* [TASK DETAILS] Copy every entry exactly as given, minus the images.

+++ GIVEN RECORDS +++

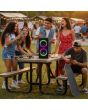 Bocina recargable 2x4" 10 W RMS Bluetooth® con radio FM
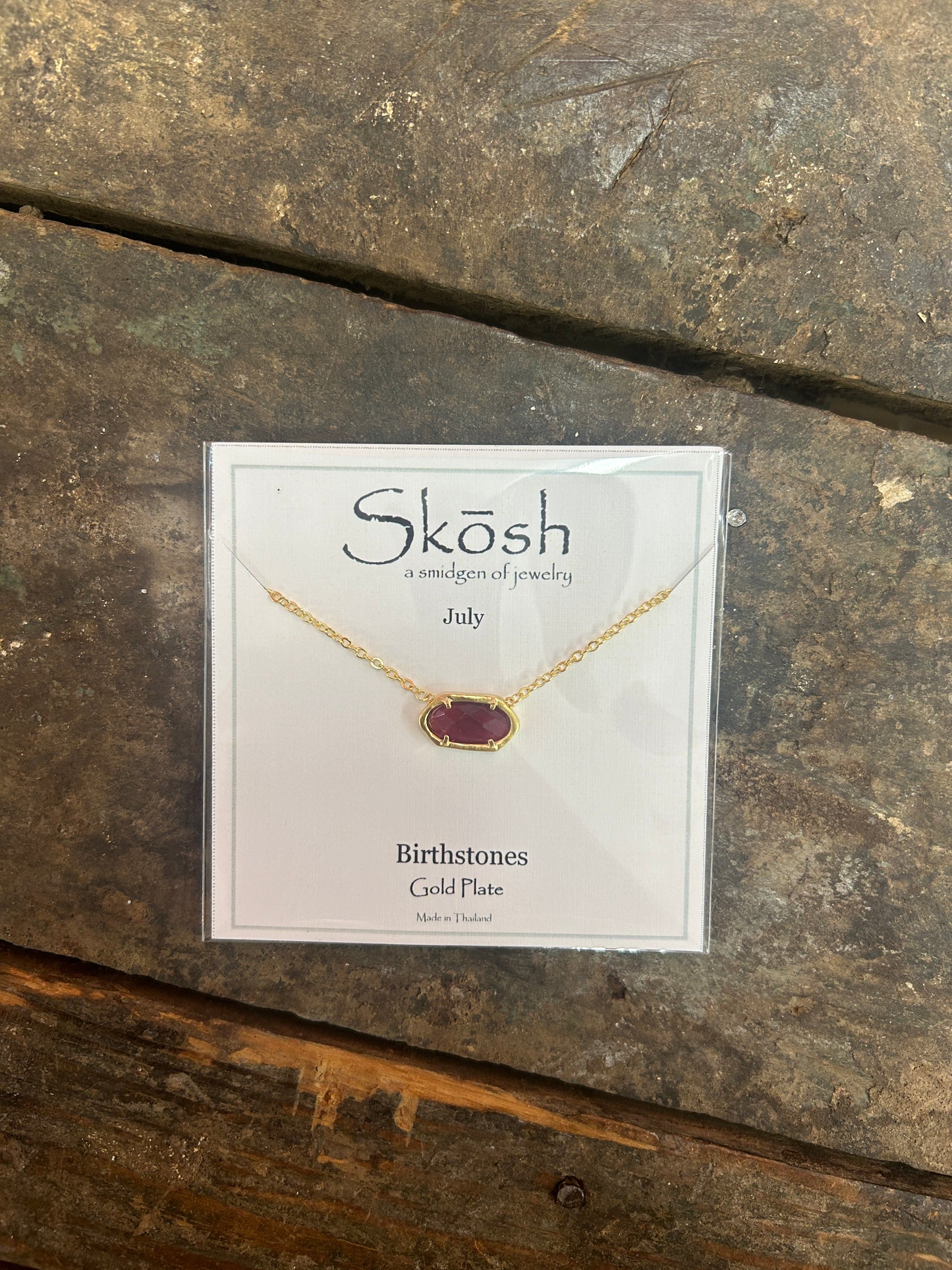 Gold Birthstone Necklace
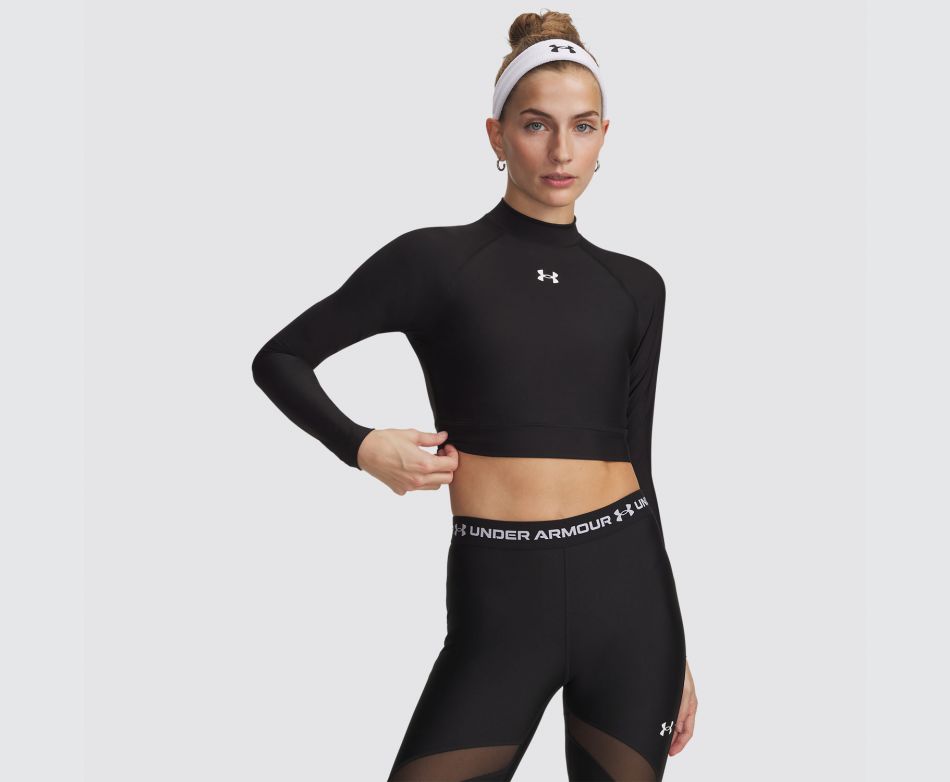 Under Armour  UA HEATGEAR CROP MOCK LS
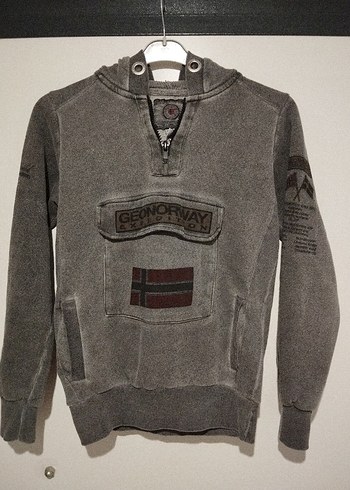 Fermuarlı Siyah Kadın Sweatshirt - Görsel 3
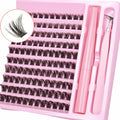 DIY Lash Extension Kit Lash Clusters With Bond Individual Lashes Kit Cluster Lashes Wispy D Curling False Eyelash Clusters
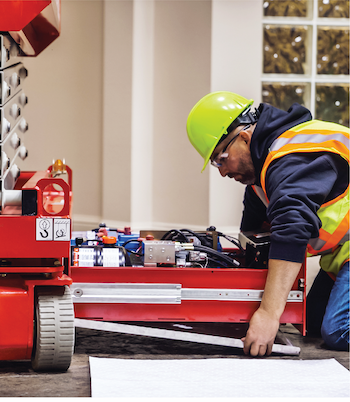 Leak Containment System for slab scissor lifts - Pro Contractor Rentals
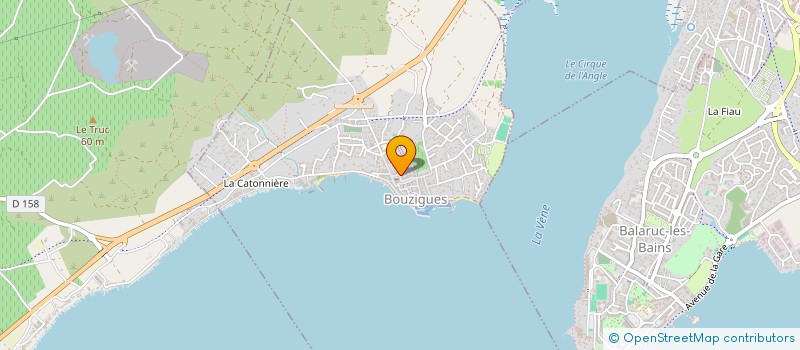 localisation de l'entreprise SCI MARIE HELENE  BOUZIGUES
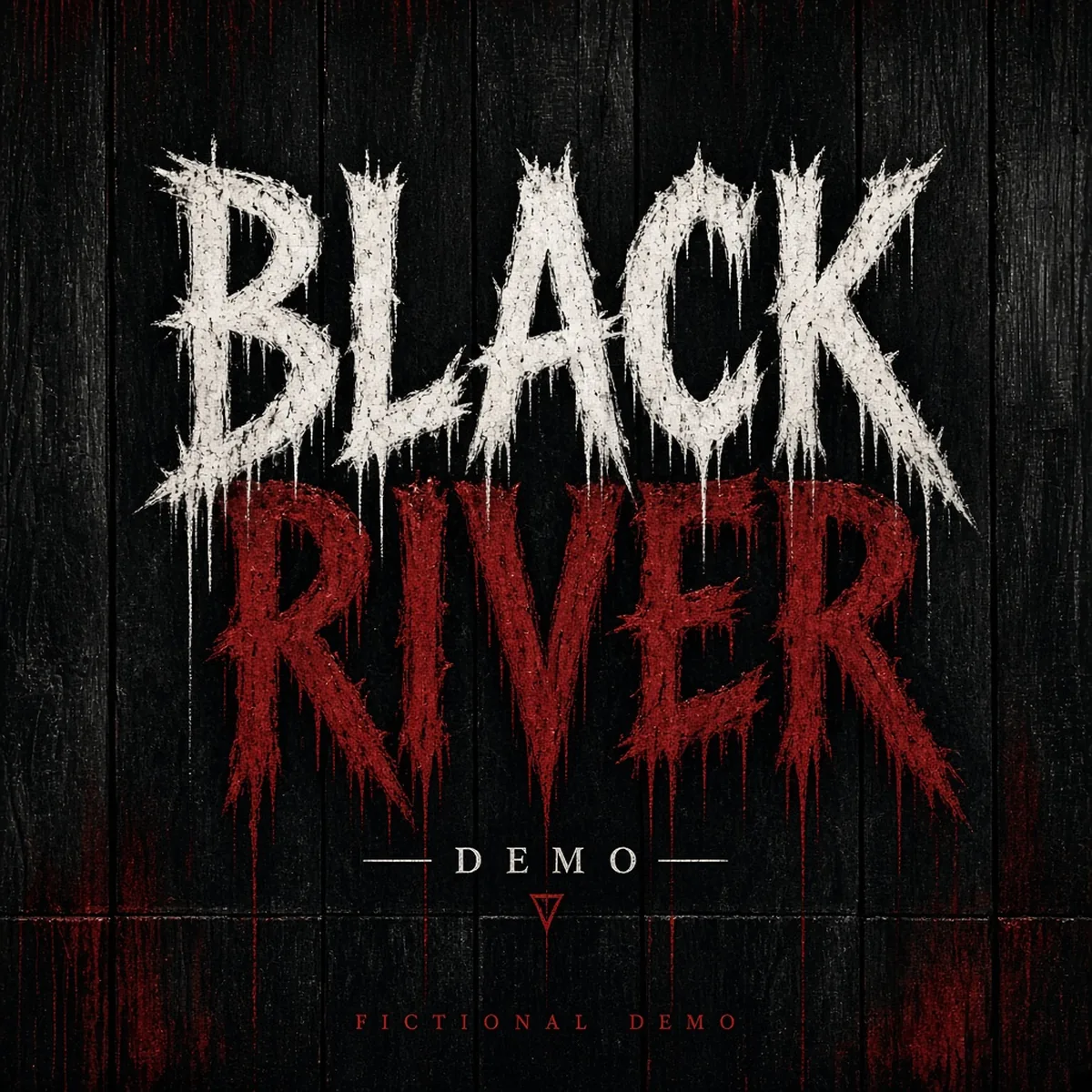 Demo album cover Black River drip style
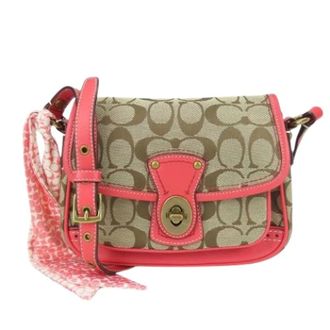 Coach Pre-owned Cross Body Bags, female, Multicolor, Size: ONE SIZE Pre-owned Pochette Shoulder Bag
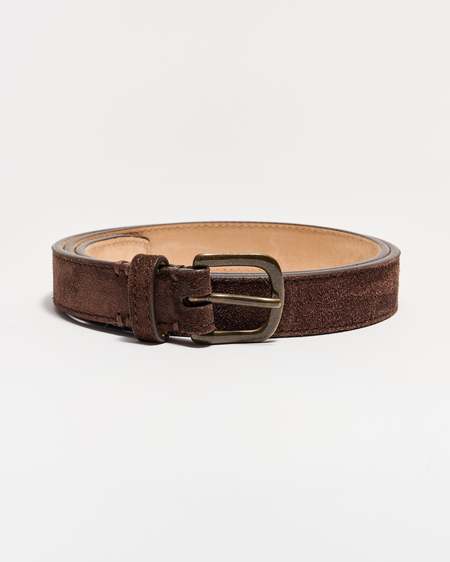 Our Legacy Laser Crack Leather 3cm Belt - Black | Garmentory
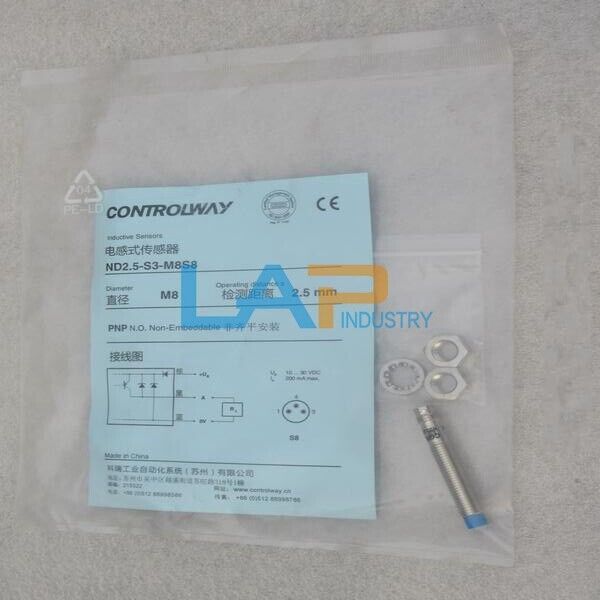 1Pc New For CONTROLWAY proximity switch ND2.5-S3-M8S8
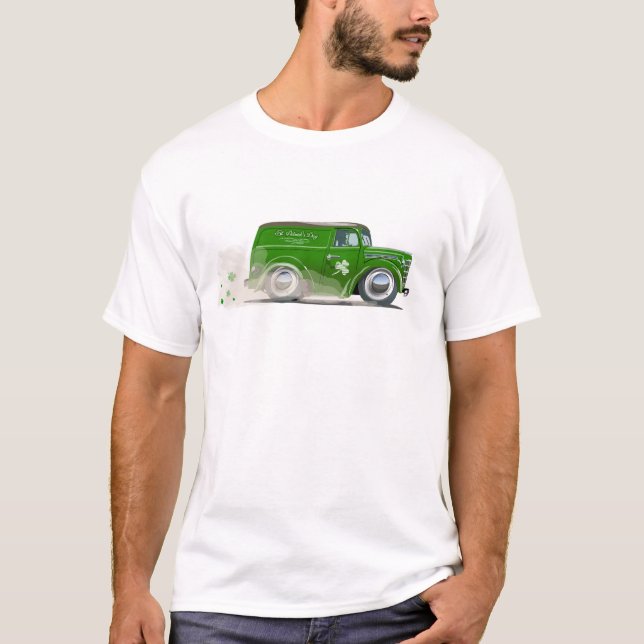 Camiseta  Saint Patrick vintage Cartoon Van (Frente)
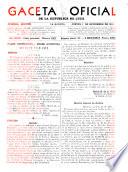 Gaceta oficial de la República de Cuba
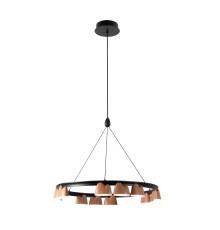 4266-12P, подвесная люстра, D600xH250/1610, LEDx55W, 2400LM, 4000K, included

+++

* [RESPONSE BELOW]
 Bocina recargable 2x4" 10 W RMS Bluetooth® con radio FM
 Gold Birthstone Necklace
 Under Armour  UA HEATGEAR CROP MOCK LS
 Fermuarlı Siyah Kadın Sweatshirt - Görsel 3
 DIY Lash Extension Kit Lash Clusters With Bond Individual Lashes Kit Cluster Lashes Wispy D Curling False Eyelash Clusters
 Leak Containment System for slab scissor lifts - Pro Contractor Rentals
 localisation de l'entreprise SCI MARIE HELENE  BOUZIGUES
 Demo album cover Black River drip style
 Coach Pre-owned Cross Body Bags, female, Multicolor, Size: ONE SIZE Pre-owned Pochette Shoulder Bag
 Our Legacy Laser Crack Leather 3cm Belt - Black | Garmentory
 1Pc New For CONTROLWAY proximity switch ND2.5-S3-M8S8
 Camiseta  Saint Patrick vintage Cartoon Van (Frente)
 Gaceta oficial de la República de Cuba
 4266-12P, подвесная люстра, D600xH250/1610, LEDx55W, 2400LM, 4000K, included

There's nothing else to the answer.